Procalcitonin to guide initiation and duration of antibiotic treatment in acute respiratory infections: an individual patient data meta-analysis.

BACKGROUND: Procalcitonin algorithms may reduce antibiotic use for acute respiratory tract infections (ARIs). We undertook an individual patient data meta-analysis to assess safety of this approach in different ARI diagnoses and different clinical settings. METHODS: We identified clinical trials in which patients with ARI were assigned to receive antibiotics based on a procalcitonin algorithm or usual care by searching the Cochrane Register, MEDLINE, and EMBASE. Individual patient data from 4221 adults with ARIs in 14 trials were verified and reanalyzed to assess risk of mortality and treatment failure-overall and within different clinical settings and types of ARIs.
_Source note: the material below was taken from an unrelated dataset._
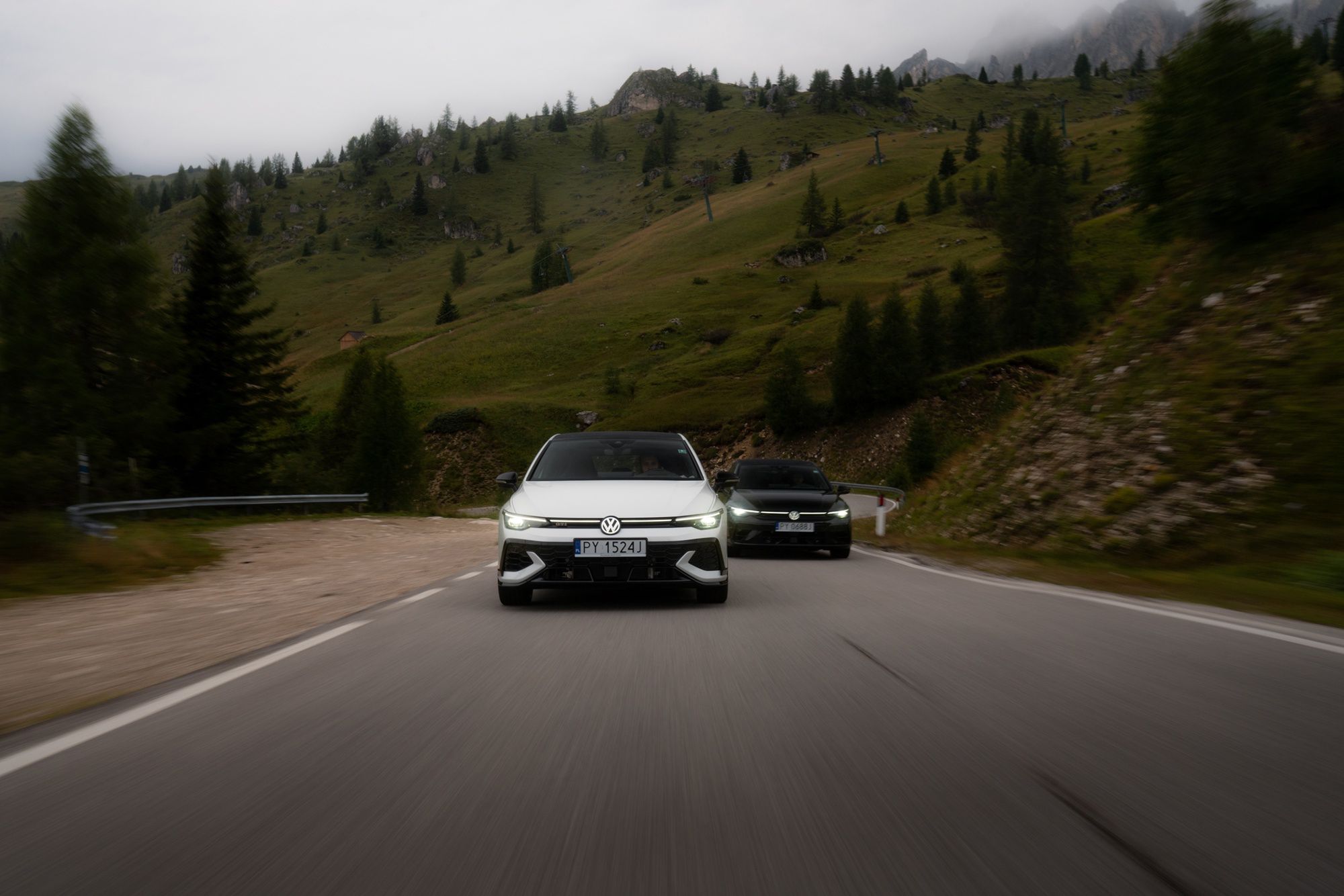 Gran turismo: Volkswagen Golf GTI Clubsport i R w Alpach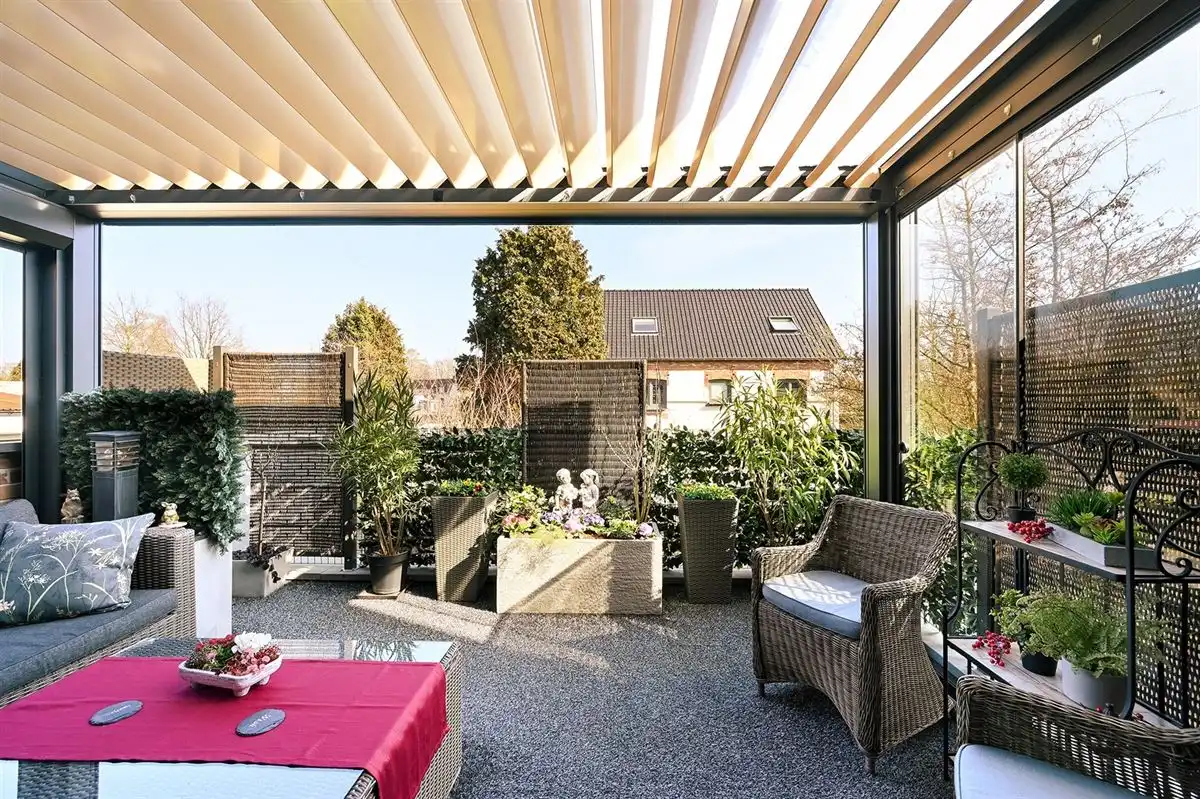 Ruim appartement met groot terras  foto 17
RESULTS: Overall, there were 118 deaths in 2085 patients (5.7%) assigned to procalcitonin groups compared with 134 deaths in 2126 control patients (6.3%; adjusted odds ratio, 0.94; 95% confidence interval CI, .71-1.23)]. Treatment failure occurred in 398 procalcitonin group patients (19.1%) and in 466 control patients (21.9%; adjusted odds ratio, 0.82; 95% CI, .71-.97). Procalcitonin guidance was not associated with increased mortality or treatment failure in any clinical setting or ARI diagnosis. Total antibiotic exposure per patient was significantly reduced overall (median [interquartile range], from 8 [5-12] to 4 [0-8] days; adjusted difference in days, -3.47 [95% CI, -3.78 to -3.17]) and across all clinical settings and ARI diagnoses. CONCLUSIONS: Use of procalcitonin to guide initiation and duration of antibiotic treatment in patients with ARIs was effective in reducing antibiotic exposure across settings without an increase in the risk of mortality or treatment failure. Further high-quality trials are needed in critical-care patients.